I have observed since many years ago that poverty incidence in the country has been declining and previous poverty data would be exaggerated. Before, the poor would ride bicycles or horses, now they ride motorcycles, e-bikes, second- or third-hand cars. Before, the poor used slow mail to communicate, now they use smart phones and communicate via Facebook, Instagram, e-mail, and SMS. Before, farmers used carabaos or hand tractors to plow their field, now they use or rent rotor tractors and harvester + thresher machines that significantly reduce the time and cost of harvesting their crops.
Credit goes to continuing market competition and technological innovation and modernization in cars and mobility, consumer electronics and agriculture machinery. The pessimists of “the poor getting poorer” just fan emotional slogans that are not based on hard facts on the ground.
After Dennis’ lecture, PSA and Ateneo signed a Memorandum of Agreement (MoA) that will allow the university’s faculty, staff, students, and researchers access to the public use files (or anonymized raw data) of the various census and surveys being undertaken by the PSA. I assume that University of the Philippines School of Economics (UPSE) and other colleges will have a similar privilege soon.
This week I saw the paper by Dr. Epictetus E. Patalinghug, “Too Much and Too Fast? A Look at the Philippines’ Infrastructure Build Up Program,” UP Professor Emeritus Research Paper July 2019. Dr. Patalinghug was my teacher at UPSE in early 1980s before he transferred to teaching at the neighbour building, the UP College of Business Administration. He was also among my wedding godfathers along with another former UPSE, Prof. Ruperto Alonzo (RIP).
Among the data he presented was about these huge build-build-build (BBB) projects of the Duterte administration and the promises of early completion that do not coincide with their delayed construction (see Table 2).
The paper is 15 pages long, including four tables and references. The Duterte BBB team of the Department of Public Works and Highways, the Department of Transportation, the Department of Finance, the National Economic and Development Authority, etc. should read it. Dr. Patalinghug concluded his paper with this note:
“… absorptive capacity constraints has created implementation bottlenecks in the BBB program and has reduced the success rate and impact of individual projects… Given the current pace of project implementation, most of the BBB projects will be completed beyond 2022. The next administration will experience several ribbon-cutting ceremonies, as much as the current administration has experienced several ribbon-cutting ceremonies on projects initiated by the previous administration.”

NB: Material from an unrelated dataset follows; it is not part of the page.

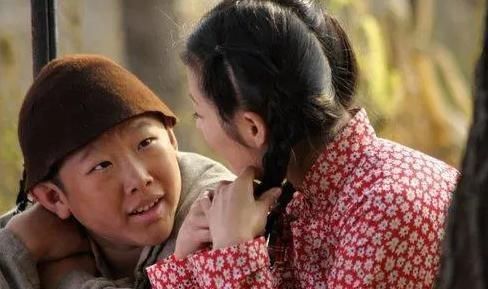不老童星侯祥：18岁出道，演11年儿子，与妻子同框像母子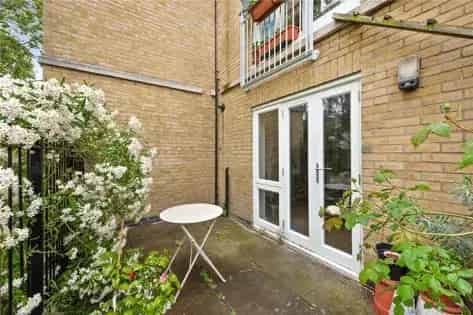 2 Bedroom Flat 68m² London - Private Outside Space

Recall also the paper by another former teacher of mine at UPSE, Dr. Emmanuel de Dios, published on Feb. 10 (see https://www.bworldonline.com/waste-and-means/) where he observed that “investment during the first half of Duterte’s term has been the least efficient in producing growth. The ICOR (incremental capital-output ratio) of 4.7 for 2017-2019 is the highest it has been over the past 15 years.”
A high ICOR means high waste in public investments. Like destroying not-so-ugly roads and building new roads on the same spot and flaunting this as BBB spending.
The administration’s BBB are mostly under “hybrid PPP” schemes and hence, would require lots of tax-tax-tax and borrow-borrow-borrow. Bad policy considering that the original integrated PPP scheme would optimize private investments’ construction plus O&M later, with no need for more taxes and borrowings.
Bienvenido S. Oplas, Jr. is the president of Minimal Government Thinkers.